> [Exercise directions] Repeat verbatim what the listing holds, but not its pictures.

> [Collected material]
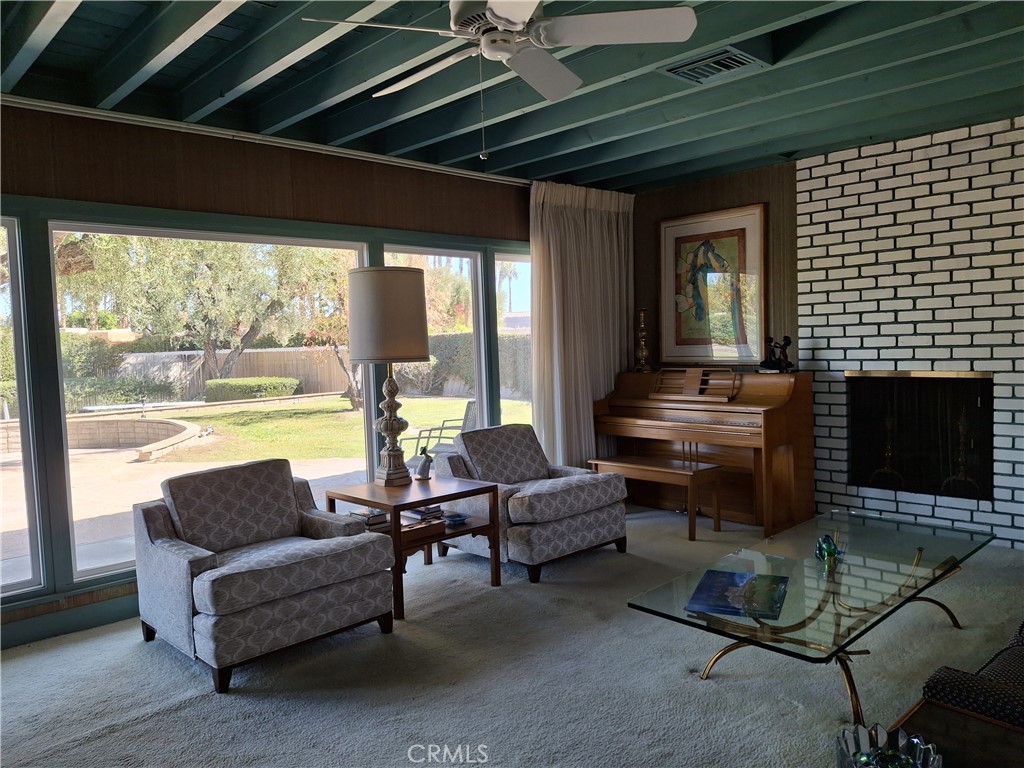 72424 Desert Drive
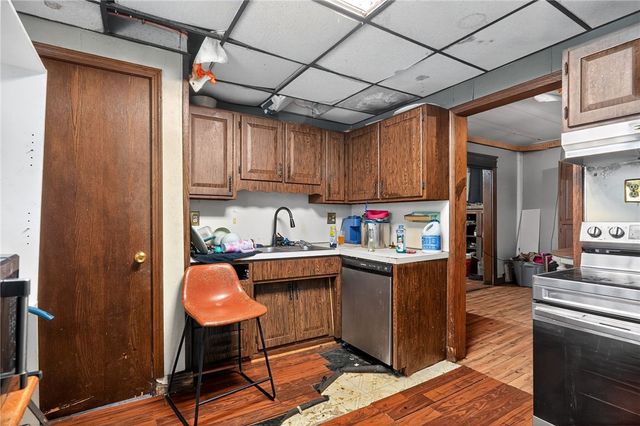 1611 E Washington St, New Castle, PA 16101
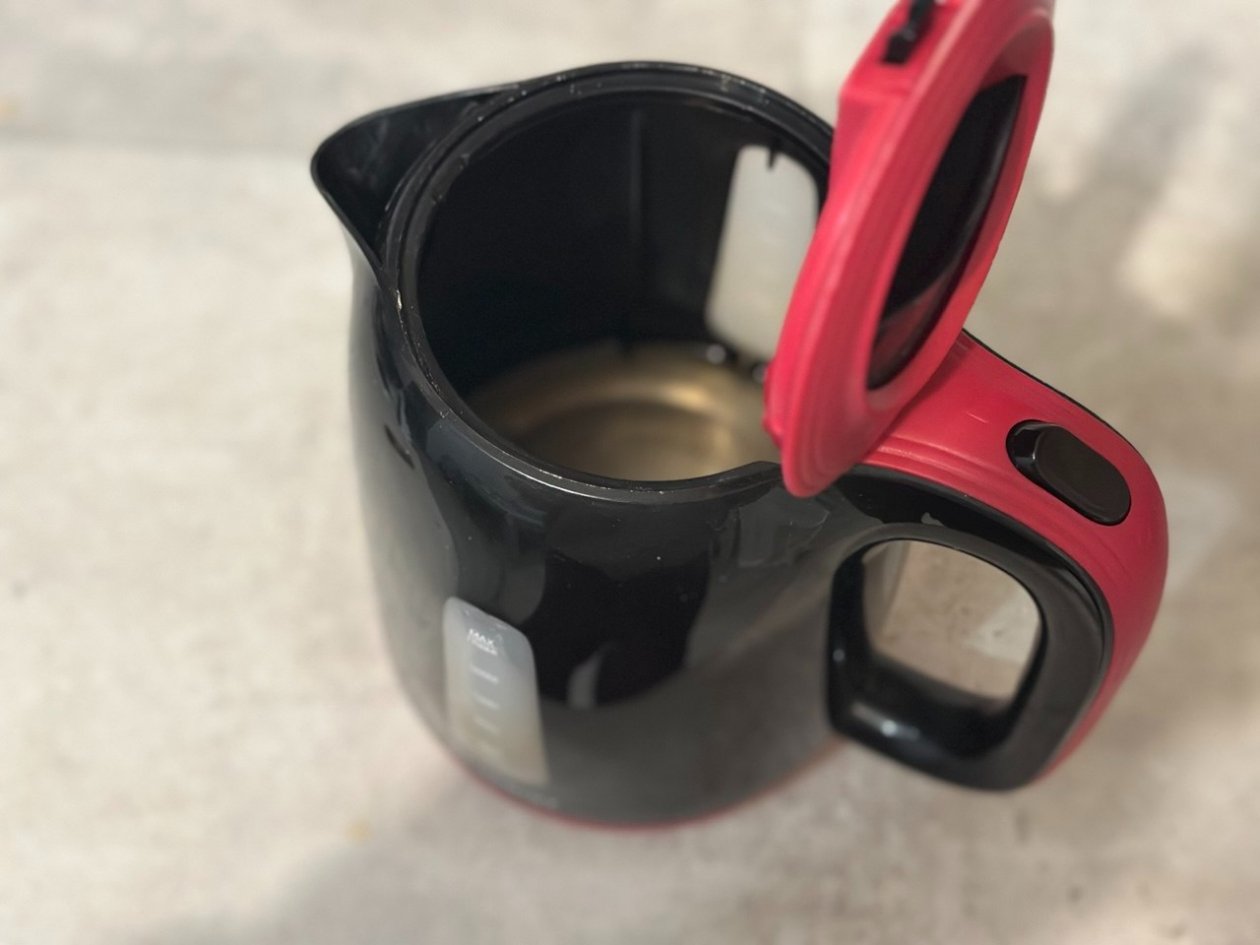 Навсегда отказалась от едкого уксуса для чистки чайника — и идеально блестящее дно без накипи за 20 минут и без лишней вони ИА Stavropol.Media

> [Output for this exercise]
 72424 Desert Drive
 1611 E Washington St, New Castle, PA 16101
 Навсегда отказалась от едкого уксуса для чистки чайника — и идеально блестящее дно без накипи за 20 минут и без лишней вони ИА Stavropol.Media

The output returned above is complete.